The night that Kayla goes missing after a pizza delivery run, Drew thinks about the fact that the last caller had asked for the girl who drove the Mini Cooper. That’s Gabie, who took the night off work. The two of them are horrified about the fact that the kidnapper took their coworker, and they’re worried about the fact that he asked for a different girl. The police won’t listen to their theories, so the two strike out on their own to try to find Kayla before it’s too late.
Much like Henry’s Girl, Stolen (another book about kidnapping), this is a quick read designed, I think, for reluctant readers. Likely to find an audience looking for mystery/suspense titles (of which there are woefully few in the YA world), this book isn’t particularly offensive, but it’s not particularly inventive, either. Fluffy fiction masquerading as a story with an edge, this is a good choice for summer readers who don’t really want to read.
There’s nothing inherently wrong here, and Henry has actually grown a bit as a writer as far as her prose is concerned, but there’s also no suspense. This has to do with the fact that Henry offers multiple points-of-view throughout the book, so readers hear from Gabie, Drew, Kayla, and her captor. Because readers get Kayla’s point of view, they know she’s alive and relatively unharmed. This takes away any uncertainty about what has happened to her and kills much of the book’s momentum.

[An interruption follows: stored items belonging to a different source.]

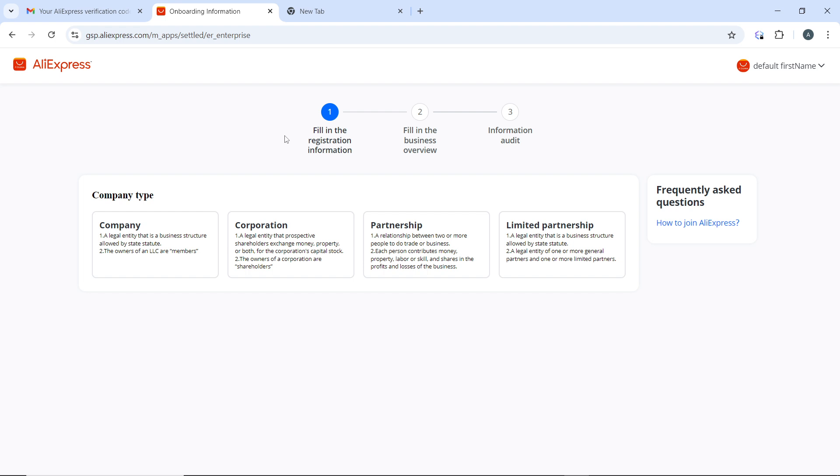Once the cancellation request is submitted, you should see a confirmation message. You can check the status of your cancellation in the My Orders section as well, just follow through the same processes and click on My Orders to check the status of the cancellation.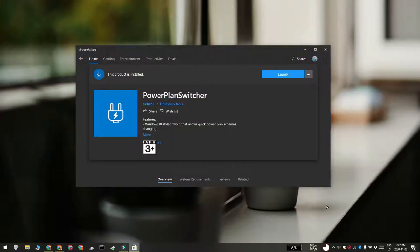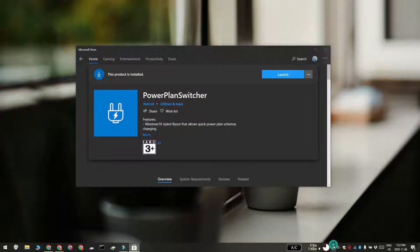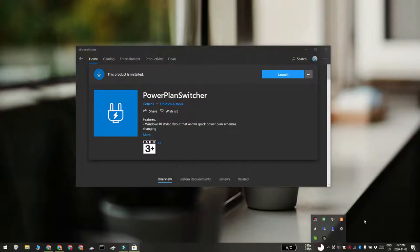For this, we're going to use an app called PowerPlanSwitcher. It's a free app that you can get from the Microsoft Store. Go ahead and download it, and it's going to add this plug icon to the system tray.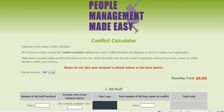Hi, I'm Jean Kelly and I'd like to introduce you to my unique Conflict Calculator. If you're concerned about the amount of money your business is wasting due to workplace conflict, watch this demonstration and prepare to be shocked.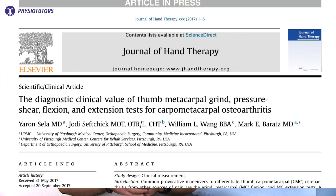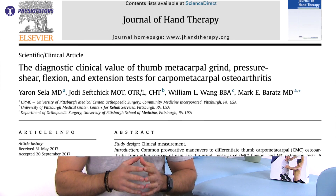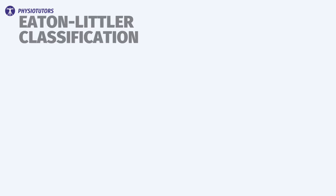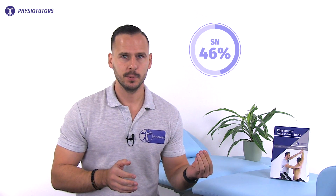In 2017, Selah et al. conducted a comparative study to determine the best diagnostic tests for CMC OA of the thumb, comparing results of four provocative tests with the Eaton-Littler classification system of radiologic evaluation of the CMC joint. In their study, the MC flexion test yielded a sensitivity of 46 percent and a specificity of 100 percent, making it a good test to confirm the diagnosis of CMC osteoarthritis.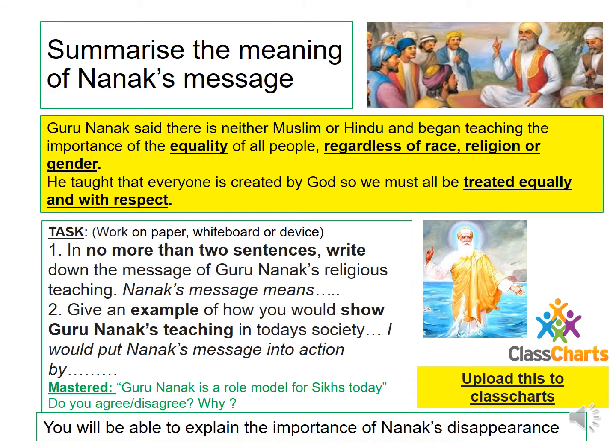You are now going to be summarising the meaning of Guru Nanak's message. Guru Nanak said that there is neither Muslim nor Hindu, and began teaching the importance of equality of all people, regardless of race, religion, or gender. He taught that everyone is created by God to be treated equally and with respect.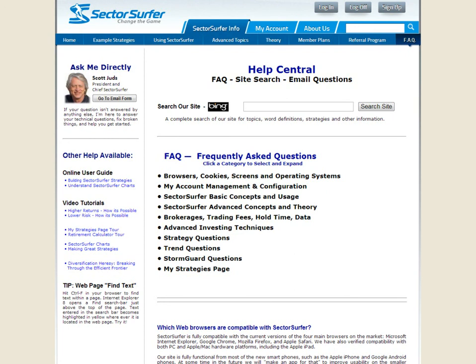As you begin learning about Sector Surfer, there is a very helpful page called Help Central. Here you can find various frequently asked questions and answers that you may have as you go through the learning process here at Sector Surfer.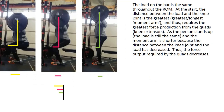Applying this to the squat: at the bottom, there is a long moment arm between the knee joint and the load. As the person stands up, the knee joint becomes closer to the load — a shorter moment arm — and just before lockout the moment arm is extremely short. This is why someone can always squat more with a half squat than a full squat: the knee ends up in a more mechanically advantaged situation when you don't go as deep.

That being said, Henry’s choice to use a collage-type approach to the narrative works in its favor. There are images and police reports interspersed in the narrative, and these things help add dimension to what is otherwise a pretty flat story. There’s also some mild adventure, a bit of gore, and just a hint of romance. All of this feels fairly calculated, but most teens probably won’t pick up on it.
Mildly entertaining but also pretty forgettable.
The Night She Disappeared by April Henry. Henry Holt & Company: 2012. Electronic galley accepted for review via NetGalley.